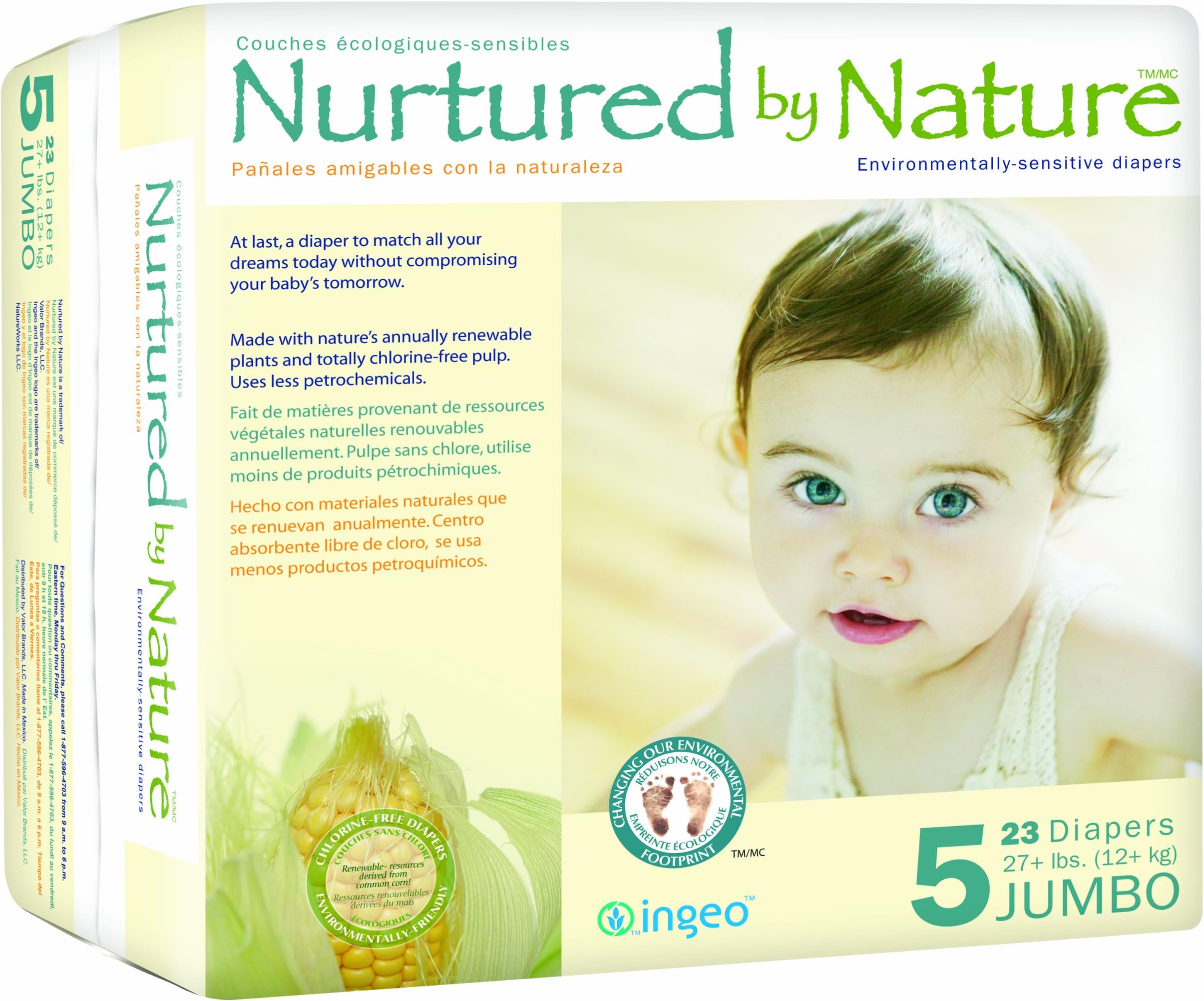 Nurtured by Nature Environmentally-Sensitive Diapers, X-Large Size 5, 23 Count (Pack of 4)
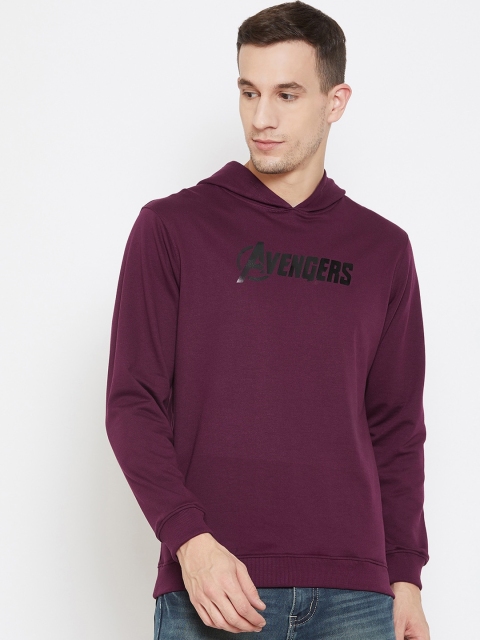 

Marvel by Wear Your Mind Men Burgundy Printed Hooded Sweatshirt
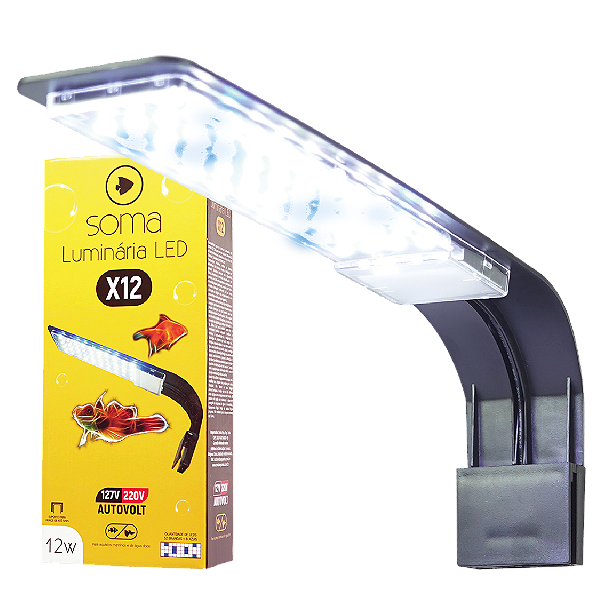 LUMINARIA LED SOMA X12 PRETA (12W) LED BRANCO/AZUL AUTOVOLT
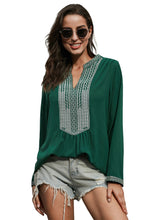 Load image into Gallery viewer, Long Sleeves Front Embroidery Blouse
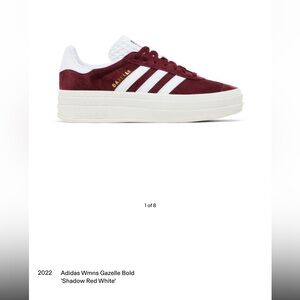 ADIDAS women’s Shadow Red / White Gazelle Bold Platform Sneakers - Women’s 6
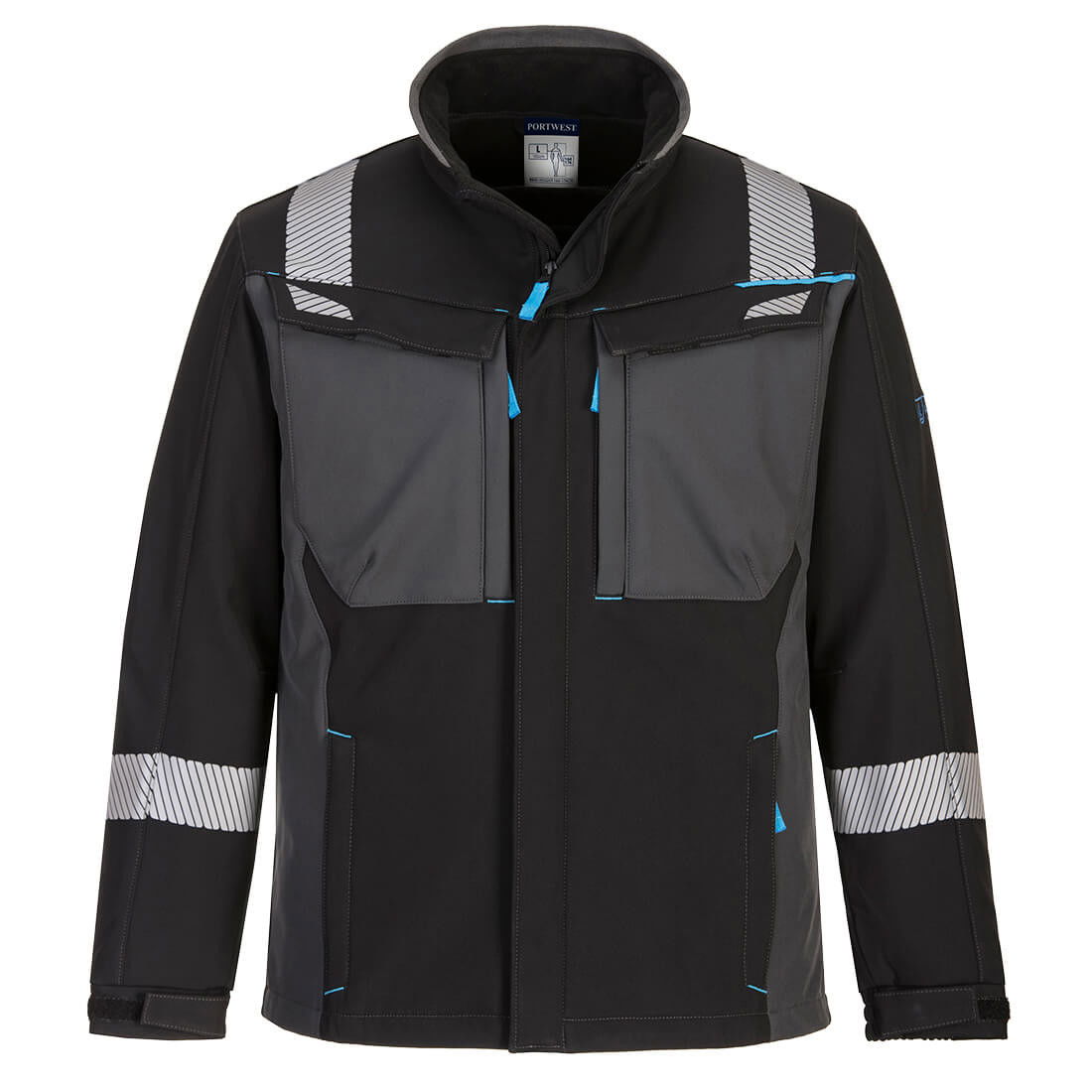 Portwest FR704 - WX3 FR Modaflame lángálló softshell dzseki, fekete termék fő termékképe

REQUIREMENT | Set down word for word every line from the one containing "LUMINARIA LED SOMA" through the last line of the records above, both ends included. Leave out the pictures.

SOLVED PROBLEM |
 LUMINARIA LED SOMA X12 PRETA (12W) LED BRANCO/AZUL AUTOVOLT
 Load image into Gallery viewer, Long Sleeves Front Embroidery Blouse
 ADIDAS women’s Shadow Red / White Gazelle Bold Platform Sneakers - Women’s 6
 Portwest FR704 - WX3 FR Modaflame lángálló softshell dzseki, fekete termék fő termékképe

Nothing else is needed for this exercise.